Data excerpt
+ + + + +

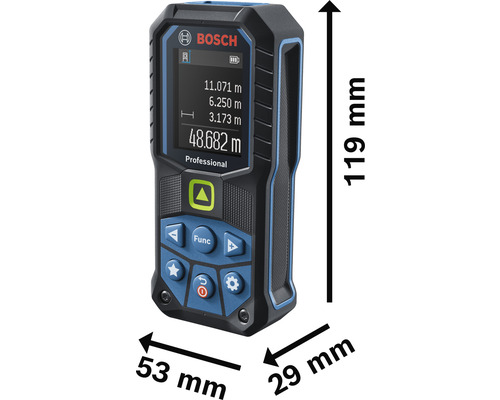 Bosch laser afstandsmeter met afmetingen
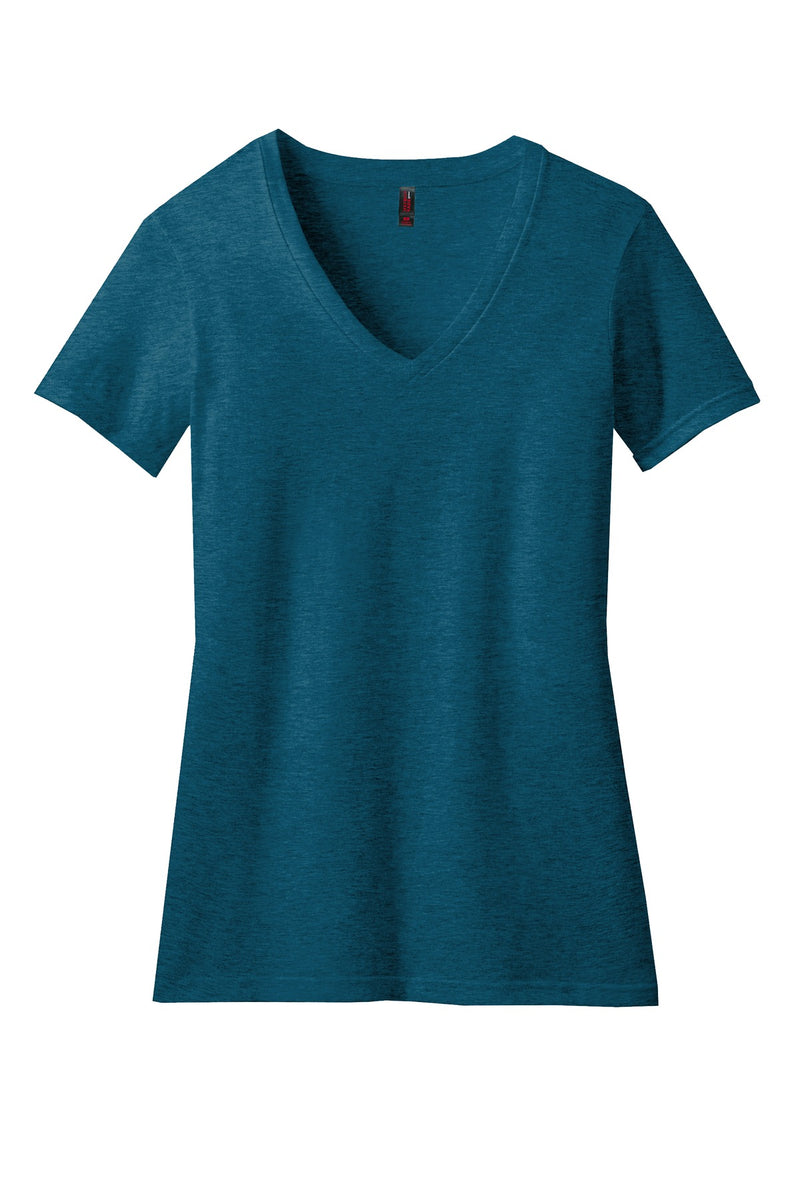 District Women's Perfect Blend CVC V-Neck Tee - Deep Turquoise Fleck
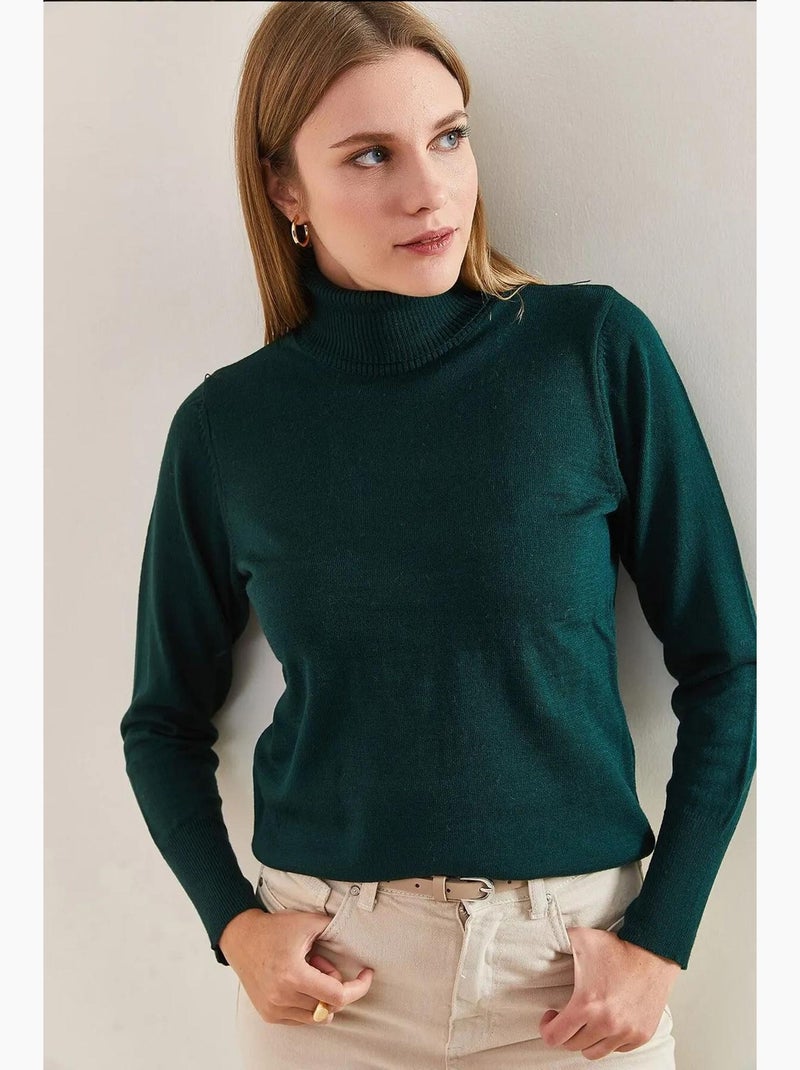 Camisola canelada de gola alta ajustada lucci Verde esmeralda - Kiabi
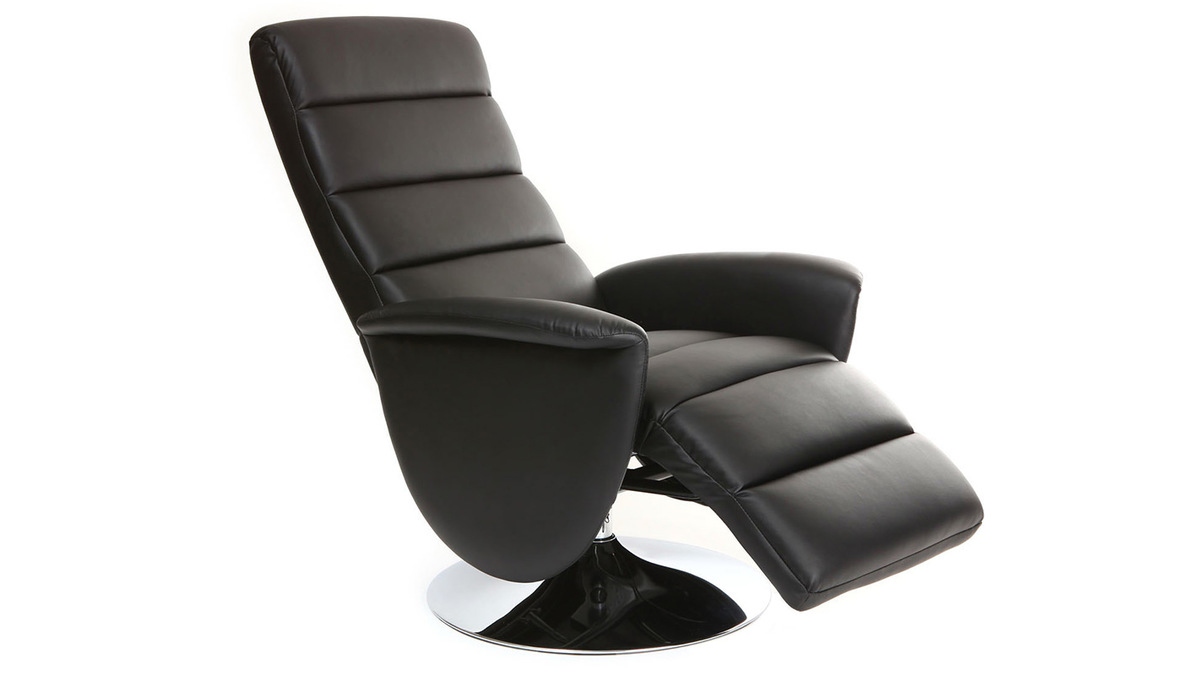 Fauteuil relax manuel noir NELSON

+ + + + +

Problem
Only the lines from the one that holds "Camisola canelada de" through the final line of the material should be reproduced, word for word, with the pictures omitted.

Reply
 Camisola canelada de gola alta ajustada lucci Verde esmeralda - Kiabi
 Fauteuil relax manuel noir NELSON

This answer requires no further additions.